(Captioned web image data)
● ● ●

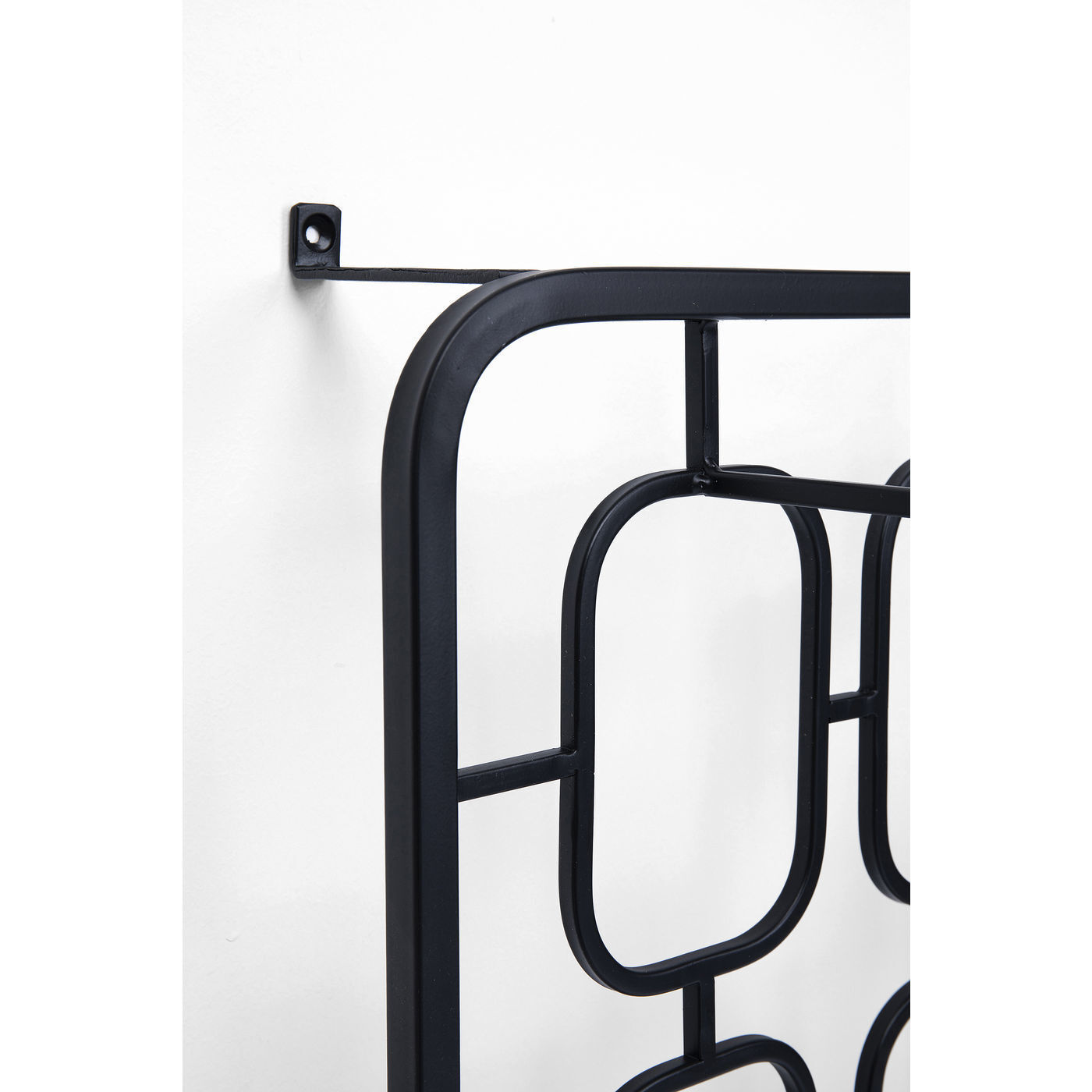 Стеллаж для бутылок Circles 54544 KARE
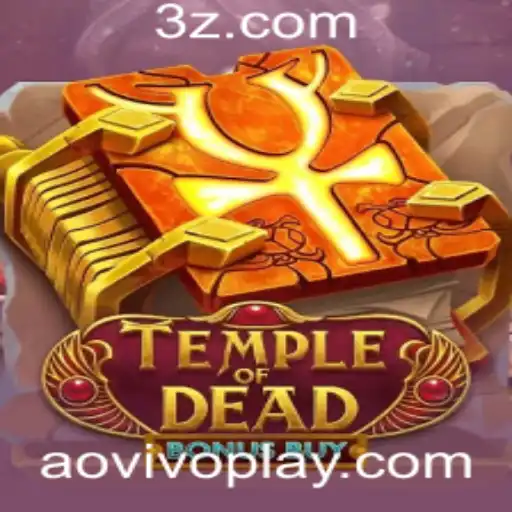 Descubra o Jogo TempleofDeadBonusBuy e sua Experiência na 20Bet ao Vivo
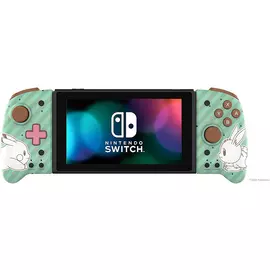 HORI Nintendo Switch Split Pad Pro Controller - Pikachu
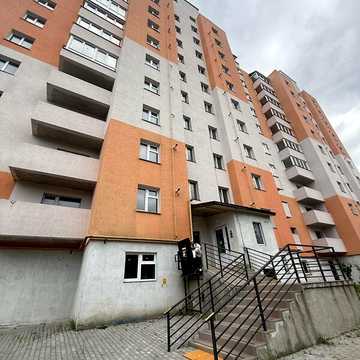 Продаж 2к Квартира Олександра Кушнірука (Гастелло) вулиця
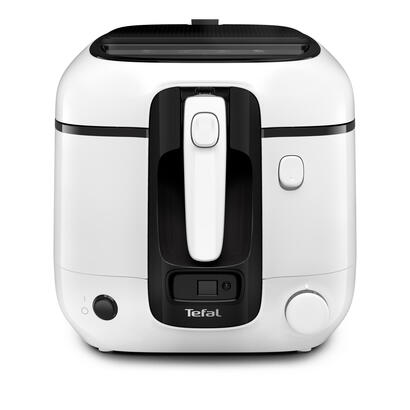 freidora-tefal-super-uno-fr3140-blanconegro-con-temporizador-fr3140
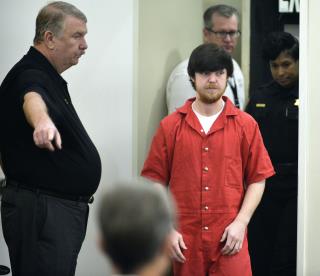 Affluenza Teen Will Spend 2 More Years in Jail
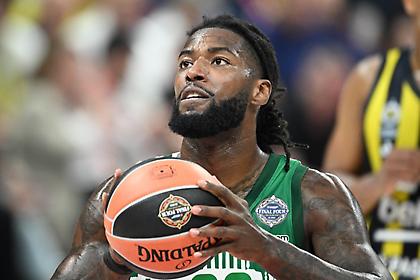 Παναθηναϊκός: Η απόφαση για Λεσόρ στους τελικούς και οι 7 ξένοι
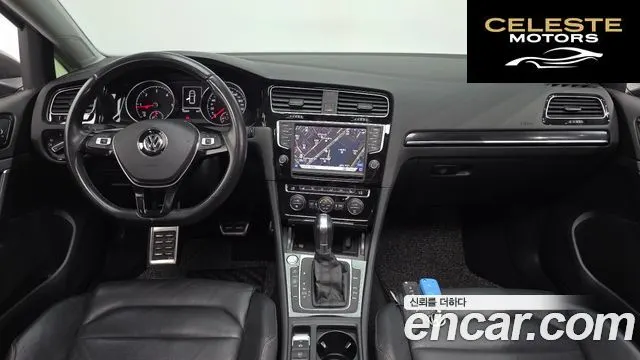 VOLKSWAGEN 72.0 TDI Premium 2014 — photo 9 sur 30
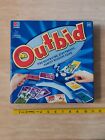 Outbid Mb Games 2001 Electronic Board Game Vintage New Factory Sealed Hasbro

● ● ●

What is expected:
Starting with the first line of the data above, write out each line exactly up to and including the line that holds "Продаж 2к Квартира". Pictures stay out.

Solution:
 Стеллаж для бутылок Circles 54544 KARE
 Descubra o Jogo TempleofDeadBonusBuy e sua Experiência na 20Bet ao Vivo
 HORI Nintendo Switch Split Pad Pro Controller - Pikachu
 Продаж 2к Квартира Олександра Кушнірука (Гастелло) вулиця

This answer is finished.